I’ve just finished another project here in Joensuu, Finland. This was done in course Speech Technology Workshop 2014. Our task was to classify speaker age and gender. We used this dataset Burkhardt, Felix et al. “A Database of Age and Gender Annotated Telephone Speech.” LREC 19 May. 2010. Basically we had 7 classes of speakers (child with no gender division, youth f/m, adult f/m , senior f/m). They recorded their voice using telephone. The average length of record is 2.58 seconds and we had ~35,000 training records and ~20,000 test records.

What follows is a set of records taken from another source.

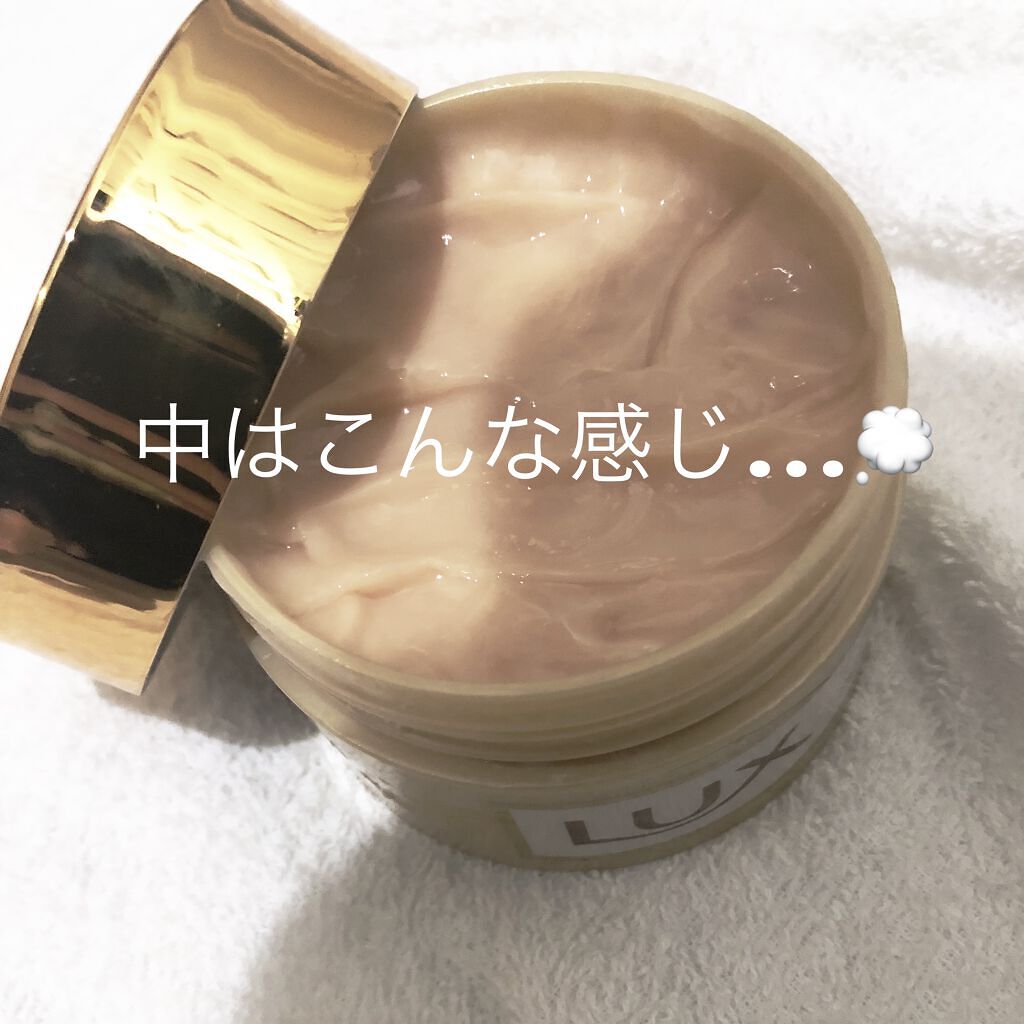 プレミアムリペアマスク（資生堂　プレミアムリペアマスク）/TSUBAKI/ヘアマスク・ヘアパックを使ったクチコミ（2枚目）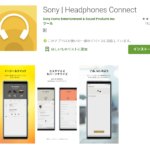 Headphones Connect バージョン7.0.0アップデート 場所を覚えて切り替えてくれる賢すぎるヘッドホンに!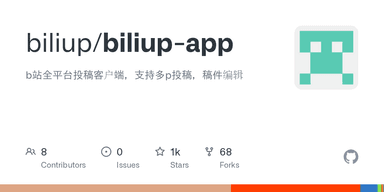biliup-app logo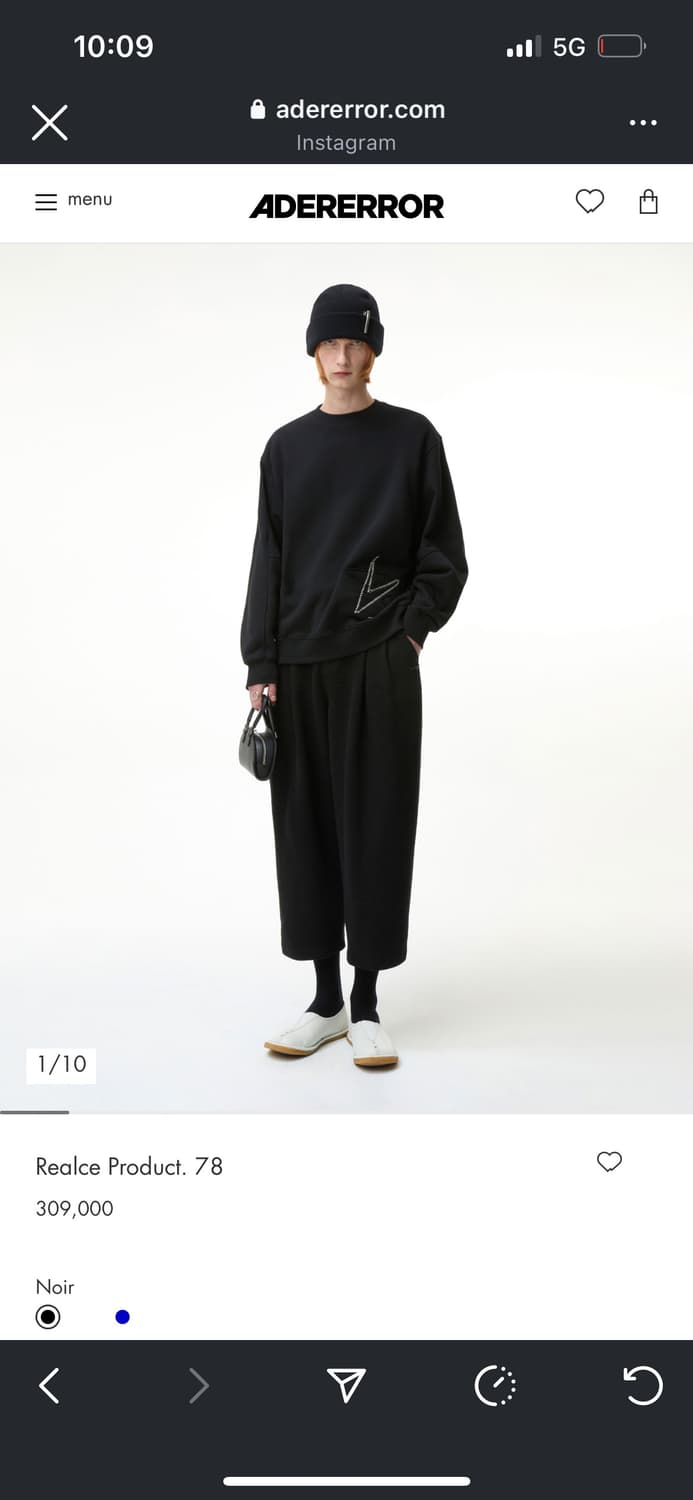 25ss 아더에러 팬츠 m 상품이미지1
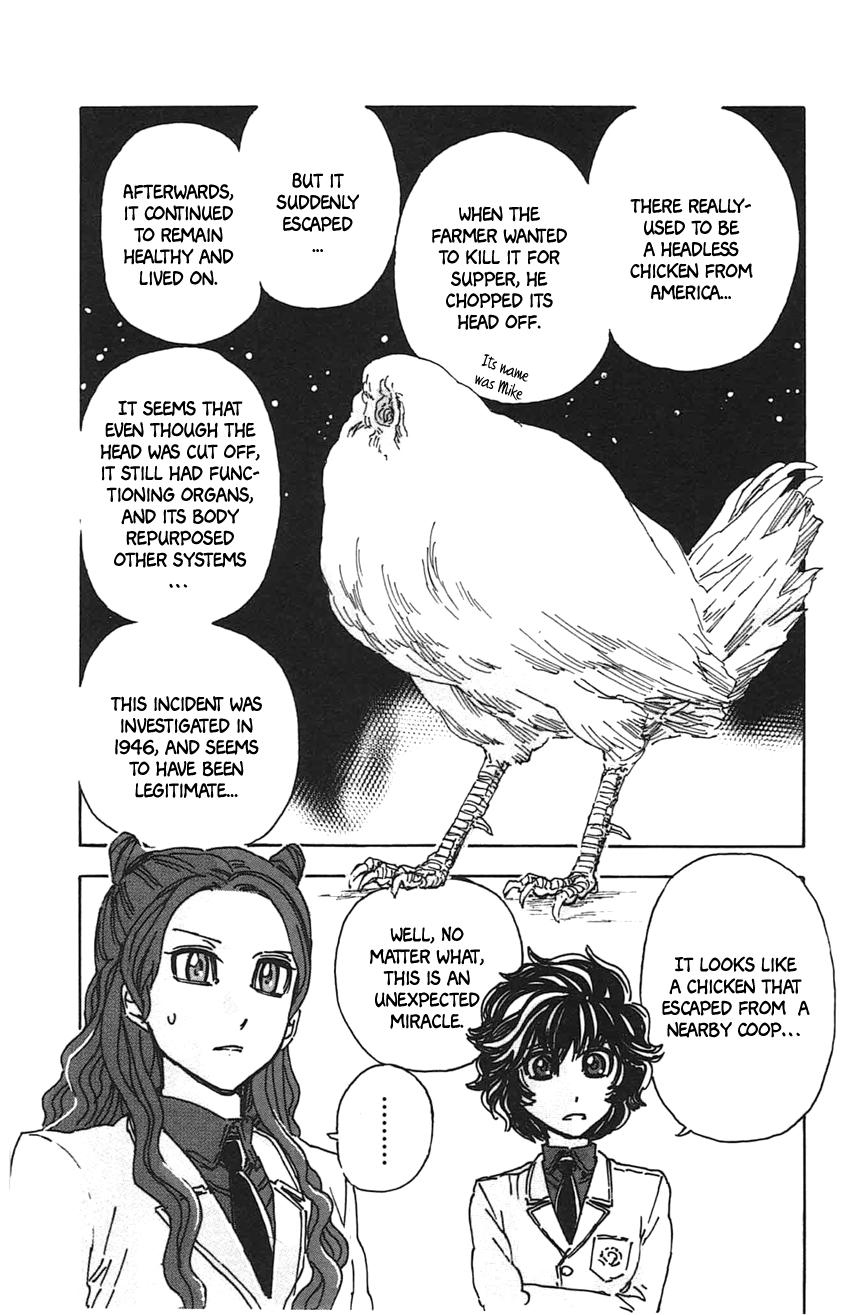 Meitantei Marnie file 21 15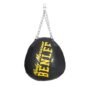 Benlee PU Wrecking Ball Black 65 cm, 199218/1000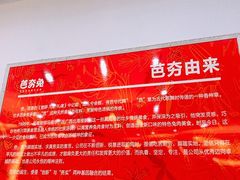 -芭夯兔(人和店)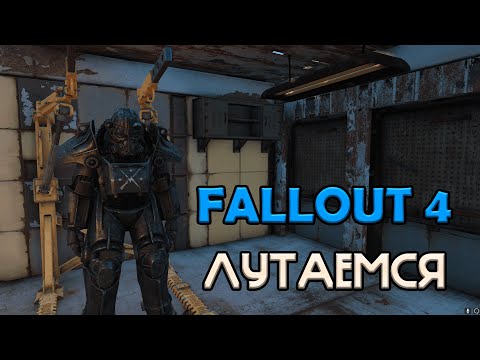 Видео: Fallout 4 | Лутаемся | Стрим №6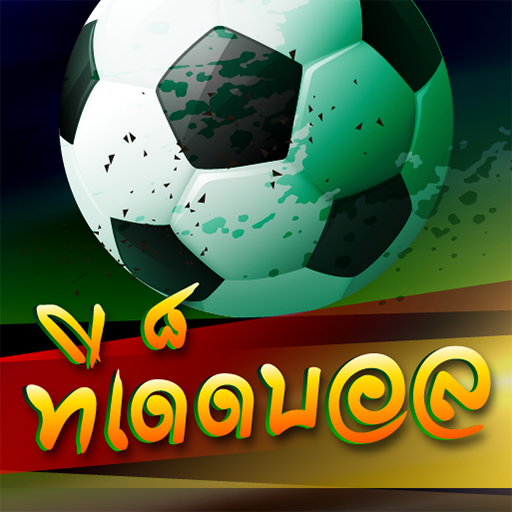 สปอร์ตพูล ทีเด็ด เด็ดจริง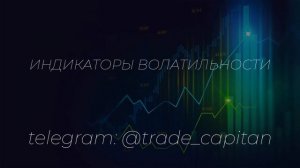 Индикаторы волатильности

We’ve written the script in Python and used Bob toolkit. You can find our code at github. You can see final report. We used Gaussians Mixture Models, MFCCs, VAD, you can read it all in final report or directly in the code. We tried GMM, without VAD, with Universal Background Model and MAP adaption, including first and second delta derivatives and raising number of gaussians for each GMM.


Not good. We had only ~44% success rate of overall classification. Gender classification was good (~95%), it is easy task done years before. But age classification was really poor (~48%).

Here you can see our confusion matrix of one of experiments with nice chessboard pattern, that is caused by lame age recognition.

Confusion matrix

We think that this results are caused by length of records (only ~2.58) and by that class division, that was made because of marketing purposes and not with taking in account of actual changes of voice during lifetime.